== Segment start ==
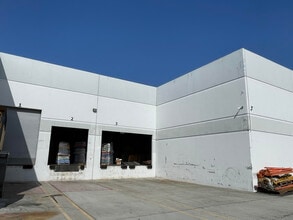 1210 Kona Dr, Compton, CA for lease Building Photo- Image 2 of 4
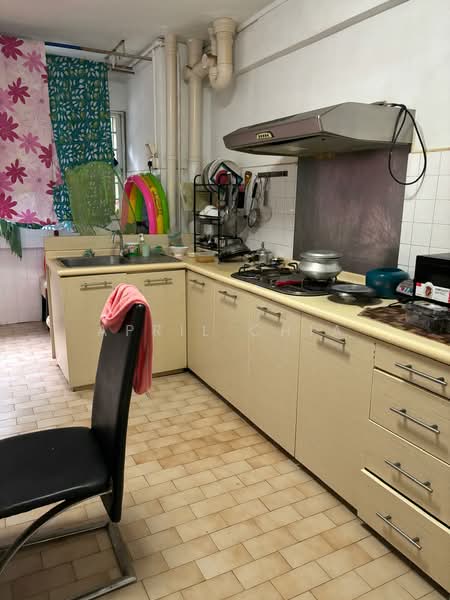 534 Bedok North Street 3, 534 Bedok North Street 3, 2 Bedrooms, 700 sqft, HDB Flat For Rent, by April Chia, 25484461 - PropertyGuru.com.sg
== Segment end ==
== Segment start ==
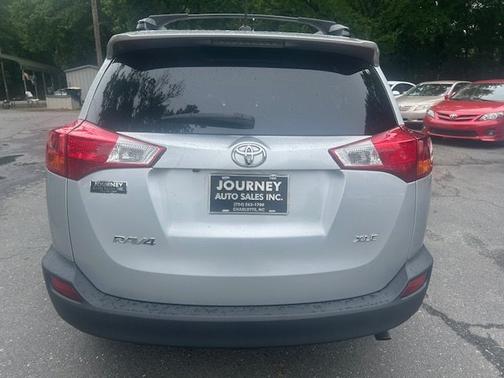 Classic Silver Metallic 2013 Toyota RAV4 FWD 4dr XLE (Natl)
== Segment end ==
== Segment start ==
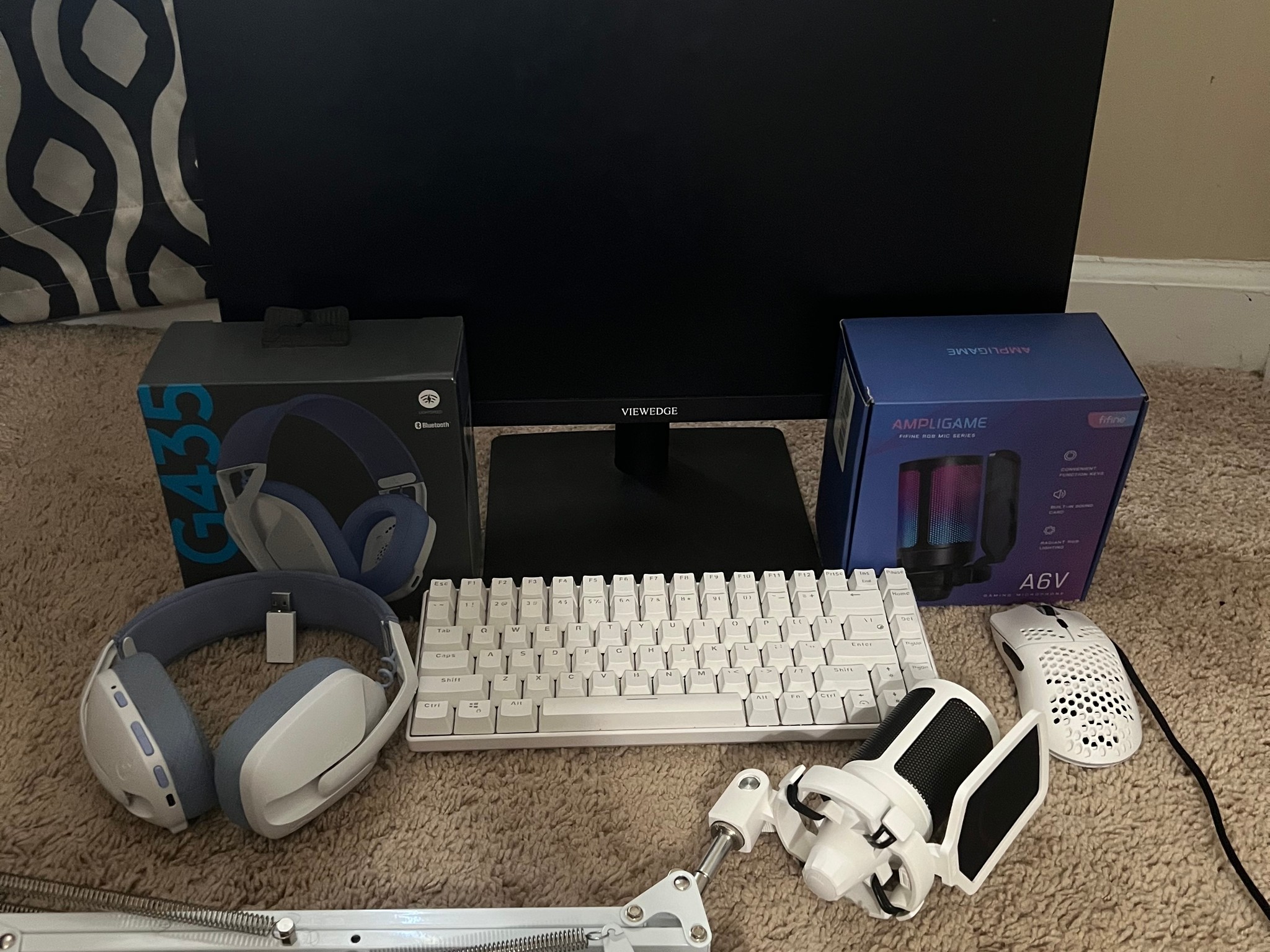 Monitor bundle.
== Segment end ==
▸ Instructions to follow: In the entries above, which lines run from the one with "1210 Kona Dr, Compton, CA" up to and including the one with "534 Bedok North Street 3, 534"? Write them out exactly, without the pictures.

▸ Answer to this problem:
 1210 Kona Dr, Compton, CA for lease Building Photo- Image 2 of 4
 534 Bedok North Street 3, 534 Bedok North Street 3, 2 Bedrooms, 700 sqft, HDB Flat For Rent, by April Chia, 25484461 - PropertyGuru.com.sg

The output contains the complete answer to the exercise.